> [Assignment] In the listing below, find the line containing "Серьги из золота" and the line containing "Gibson Home Inspirational". Repeat exactly those two lines and every line between them.

> [Information shown]
Content starts
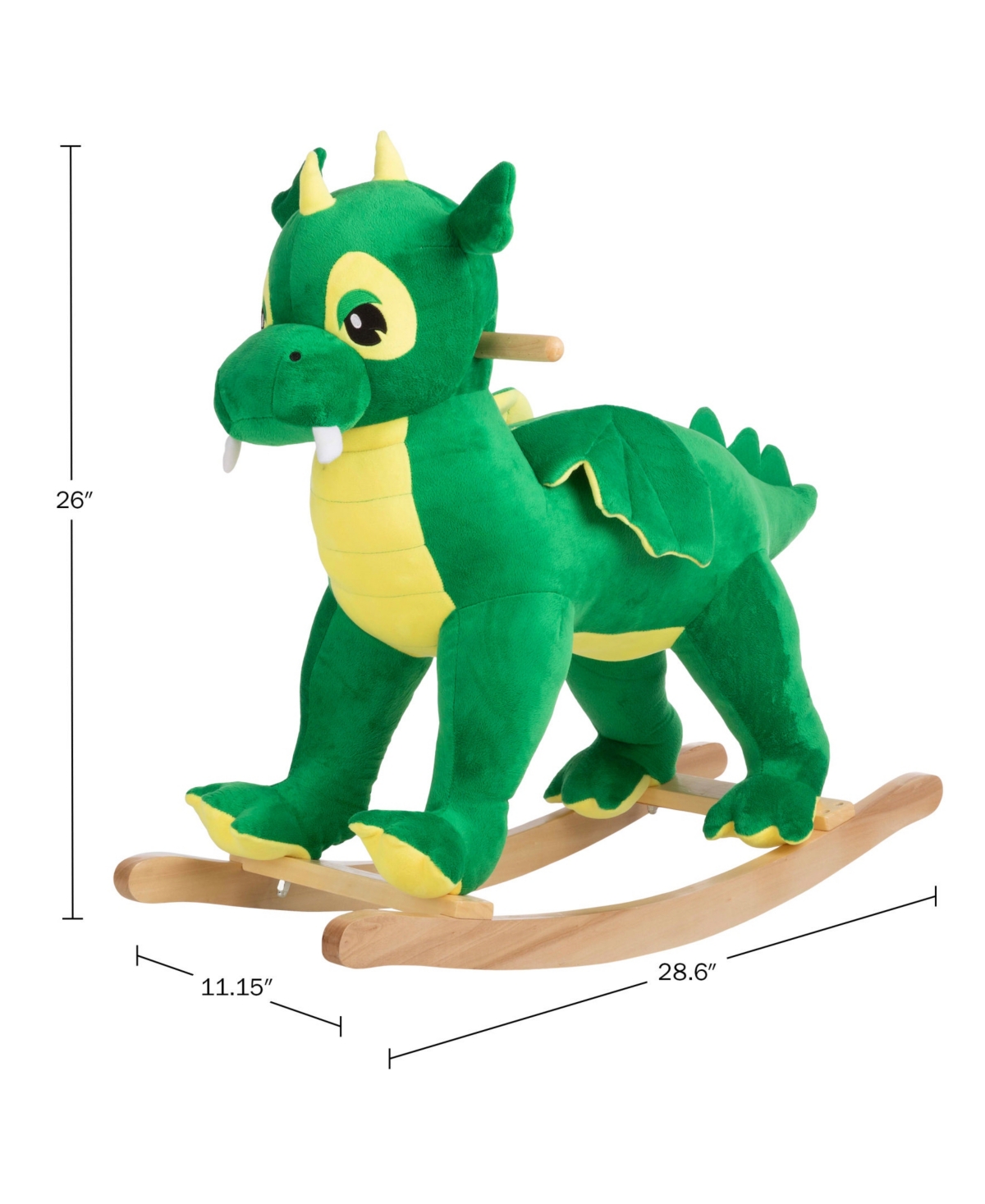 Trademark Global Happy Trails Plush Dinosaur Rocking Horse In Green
Content ends
Content starts
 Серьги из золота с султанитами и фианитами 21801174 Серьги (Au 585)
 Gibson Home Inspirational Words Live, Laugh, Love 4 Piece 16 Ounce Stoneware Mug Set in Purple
Content ends
Content starts
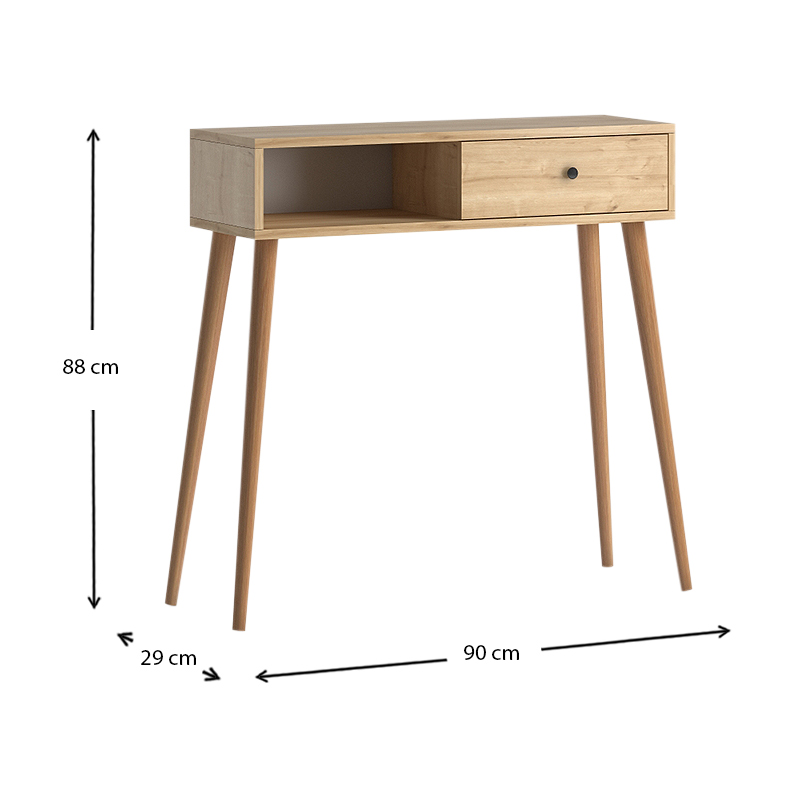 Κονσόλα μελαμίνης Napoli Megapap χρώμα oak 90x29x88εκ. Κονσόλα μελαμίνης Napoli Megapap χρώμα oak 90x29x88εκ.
Content ends
> [Response below]
 Серьги из золота с султанитами и фианитами 21801174 Серьги (Au 585)
 Gibson Home Inspirational Words Live, Laugh, Love 4 Piece 16 Ounce Stoneware Mug Set in Purple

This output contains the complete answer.